Premise: a generations-old family curse is killing off the Youngs. Once every ten years they must meet for a reunion at the family estate in Maine. One person, whose name is chosen from a lottery, must spend the night in a basement room. Only one family member has ever lived the night, and she’s catatonic. Howard Young, the family patriarch at 98 years old, has hired a former FBI agent, a specialist in paranormal cases, to break the curse once and for all. Carolyn Cartwright arrives at the Young estate skeptical, but ready to do business. Many factors come into play here, including Carolyn’s own tormented past, family secrets, greed, and pride.

So what exactly is this book? The mystery of the killing room is a good one, but the details of what happen in the room remain a little fuzzy throughout the book. The answer is revealed in the end and a resolution is found. There are some elements of horror, including a little gore and some violence. The mix of mystery and horror may classify this as a thriller, but I’m not convinced. There is also a romantic element, but it’s sweet, not edgy, and does not lend itself to the thriller classification. I expect more tension from a thriller or a horror, and if there’s a romantic element in either of those genres, it’d better be incredibly tense with some amazing sex. Not here.

One issue I have with paranormal elements is that they remain consistent. If a writer introduces a paranormal element, like ghosts, then the other paranormal elements have to fit in with that “genre” of paranormal, or there better be a really good excuse as to why it’s something different. This novel (and this might be a bit of a spoiler, so stop reading now if you don’t want to know more) uses ghosts/malicious spirits as the main type of paranormal and then brings in a zombie. If there was a good reason for the zombie to make an entrance, I might have bought it. But in this novel it feels like the author ran out of ideas and brought in an element just for the scare factor. The zombie yanked me right out of the story and I threw my hands up.

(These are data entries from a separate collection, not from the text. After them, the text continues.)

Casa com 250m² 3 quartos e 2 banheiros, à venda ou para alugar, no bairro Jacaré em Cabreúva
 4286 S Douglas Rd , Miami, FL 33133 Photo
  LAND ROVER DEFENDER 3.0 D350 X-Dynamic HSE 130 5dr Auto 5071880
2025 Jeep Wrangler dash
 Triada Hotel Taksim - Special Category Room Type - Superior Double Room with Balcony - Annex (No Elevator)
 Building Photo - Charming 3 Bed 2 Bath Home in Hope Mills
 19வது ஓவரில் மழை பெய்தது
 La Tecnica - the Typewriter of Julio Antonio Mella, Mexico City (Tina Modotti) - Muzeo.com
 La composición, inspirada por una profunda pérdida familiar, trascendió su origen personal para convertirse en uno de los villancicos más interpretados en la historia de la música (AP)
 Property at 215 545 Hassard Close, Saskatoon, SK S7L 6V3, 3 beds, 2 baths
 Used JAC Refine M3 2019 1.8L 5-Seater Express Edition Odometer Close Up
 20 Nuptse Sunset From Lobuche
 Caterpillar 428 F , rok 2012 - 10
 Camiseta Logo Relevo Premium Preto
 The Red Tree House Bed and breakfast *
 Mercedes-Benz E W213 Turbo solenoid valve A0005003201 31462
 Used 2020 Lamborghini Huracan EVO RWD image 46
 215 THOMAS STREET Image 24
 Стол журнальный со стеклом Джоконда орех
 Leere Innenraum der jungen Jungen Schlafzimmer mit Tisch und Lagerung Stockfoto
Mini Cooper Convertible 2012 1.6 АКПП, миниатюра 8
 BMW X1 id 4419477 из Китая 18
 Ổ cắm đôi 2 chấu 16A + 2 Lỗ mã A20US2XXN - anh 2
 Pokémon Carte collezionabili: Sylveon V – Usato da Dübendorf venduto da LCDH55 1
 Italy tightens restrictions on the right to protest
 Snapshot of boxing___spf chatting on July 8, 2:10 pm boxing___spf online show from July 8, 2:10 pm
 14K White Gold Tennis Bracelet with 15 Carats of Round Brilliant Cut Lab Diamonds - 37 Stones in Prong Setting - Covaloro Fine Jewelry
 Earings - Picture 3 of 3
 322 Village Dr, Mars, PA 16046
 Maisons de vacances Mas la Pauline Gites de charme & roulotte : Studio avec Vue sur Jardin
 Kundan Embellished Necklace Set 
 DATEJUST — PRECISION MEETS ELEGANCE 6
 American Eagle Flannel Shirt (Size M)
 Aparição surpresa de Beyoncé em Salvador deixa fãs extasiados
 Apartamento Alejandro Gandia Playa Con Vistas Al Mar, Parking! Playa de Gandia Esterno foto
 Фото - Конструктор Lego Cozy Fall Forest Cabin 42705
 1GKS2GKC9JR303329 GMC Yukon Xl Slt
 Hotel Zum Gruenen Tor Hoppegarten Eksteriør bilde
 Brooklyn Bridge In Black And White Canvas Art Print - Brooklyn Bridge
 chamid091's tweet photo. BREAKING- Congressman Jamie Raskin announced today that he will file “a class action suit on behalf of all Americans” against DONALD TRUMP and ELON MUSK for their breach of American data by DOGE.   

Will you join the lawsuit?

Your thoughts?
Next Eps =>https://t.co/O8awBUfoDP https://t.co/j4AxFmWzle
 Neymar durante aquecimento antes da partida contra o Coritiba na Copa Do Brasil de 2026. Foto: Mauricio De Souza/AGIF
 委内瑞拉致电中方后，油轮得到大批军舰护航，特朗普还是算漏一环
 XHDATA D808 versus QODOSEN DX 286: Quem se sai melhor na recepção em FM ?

I was sorely disappointed by the amateurish writing style.
“Inside the linen closet Ryan slowly lowered his hands from his ears.The house had fallen eerily quiet. The screaming and crashing and the gunshots had stopped. When the commotion had begun, Ryan had looked over the bannister into the foyer below and seen a scar-faced man on Douglas’s back raising a knife. Without even a moment’s hesitation, Ryan had turned on his heel and run down the hall, scurrying into the nearest hiding space he could find. For the next hour– or had it been less than that?– he had kept as still in the closet as possible, his hands clamped over his ears to drown out the sounds of his family being murdered, one by one” (p. 322).

I count seven “hads” in that paragraph. Someone very wise once told me most “hads” can be eliminated from writing. This section is representative of the book, lots of grammar errors and typos, just things that the writer should know better than to do and things that an editor could catch.

I give this book a C. It’s a fun read and I like the idea of the family curse, but the ends were not neatly tied and the errors in writing and publishing really detract from the book.

Work cited:

Manning, John. The Killing Room. New York: Kensington Publishing Corp., 2010.